*Task goal:* For every line below, restate it exactly and drop the images.

*Supplied data:*
----
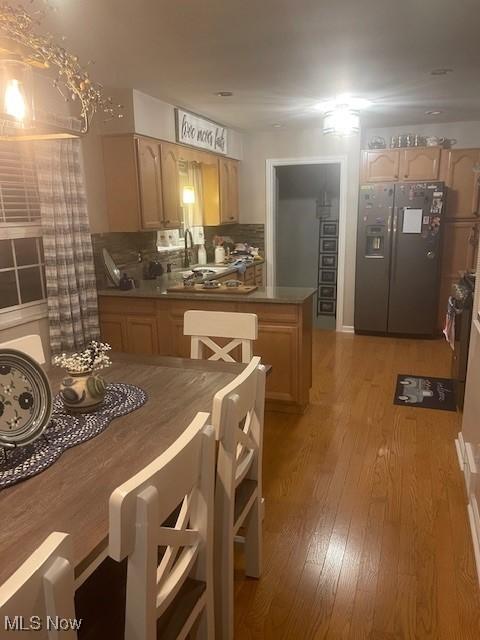 kitchen featuring backsplash, stainless steel fridge, light brown cabinets, and light wood-type flooring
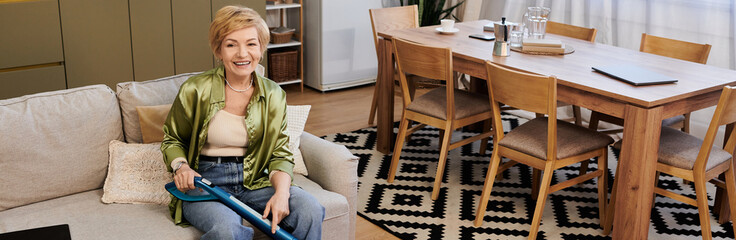 Senior woman enjoying a moment of relaxation in her cozy home while cleaning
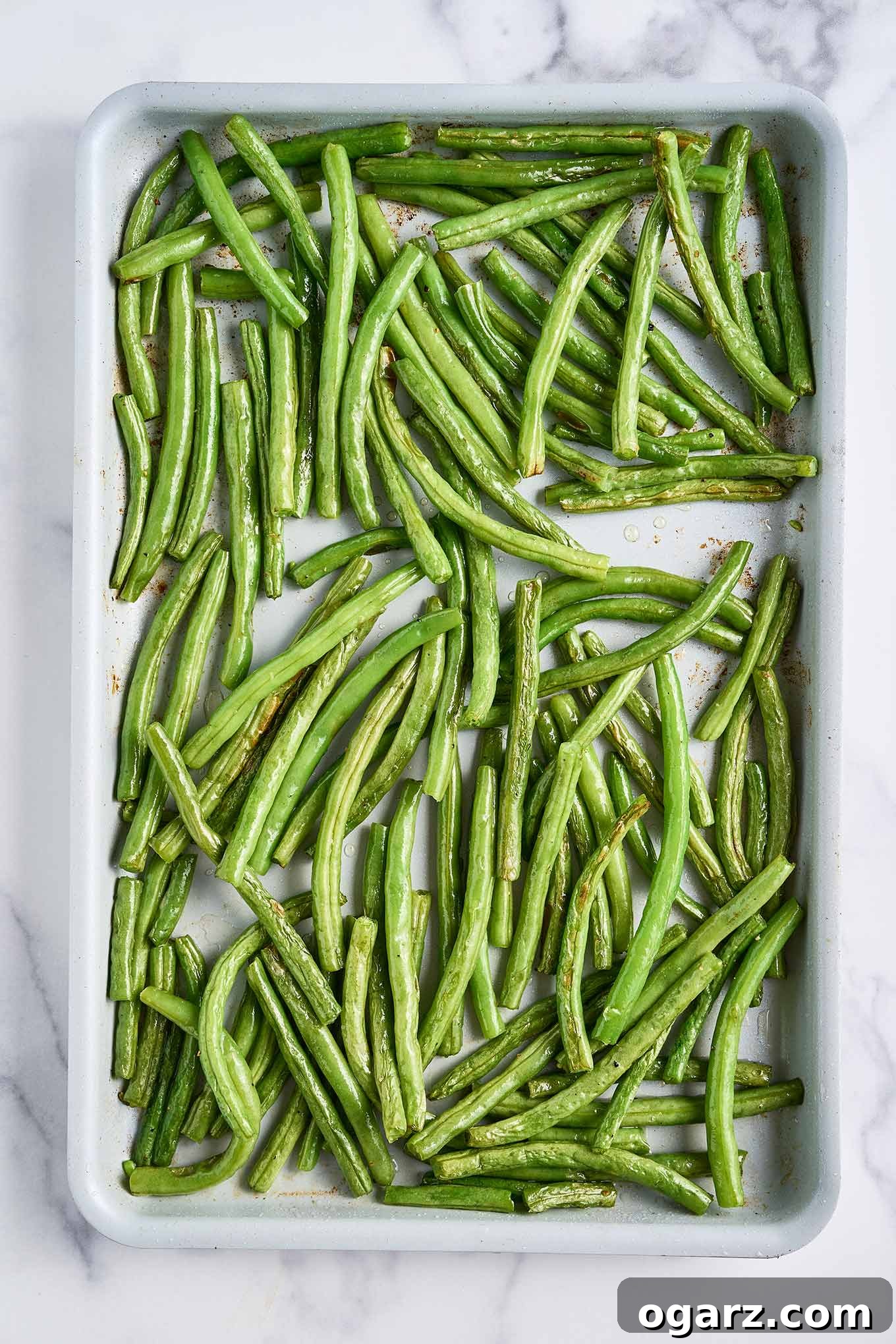 Freshly trimmed green beans, lightly coated in oil and seasoning, are spread evenly on a baking sheet, ready for oven roasting to achieve tender-crisp perfection.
----
*Output of the task:*
 kitchen featuring backsplash, stainless steel fridge, light brown cabinets, and light wood-type flooring
 Senior woman enjoying a moment of relaxation in her cozy home while cleaning
 Freshly trimmed green beans, lightly coated in oil and seasoning, are spread evenly on a baking sheet, ready for oven roasting to achieve tender-crisp perfection.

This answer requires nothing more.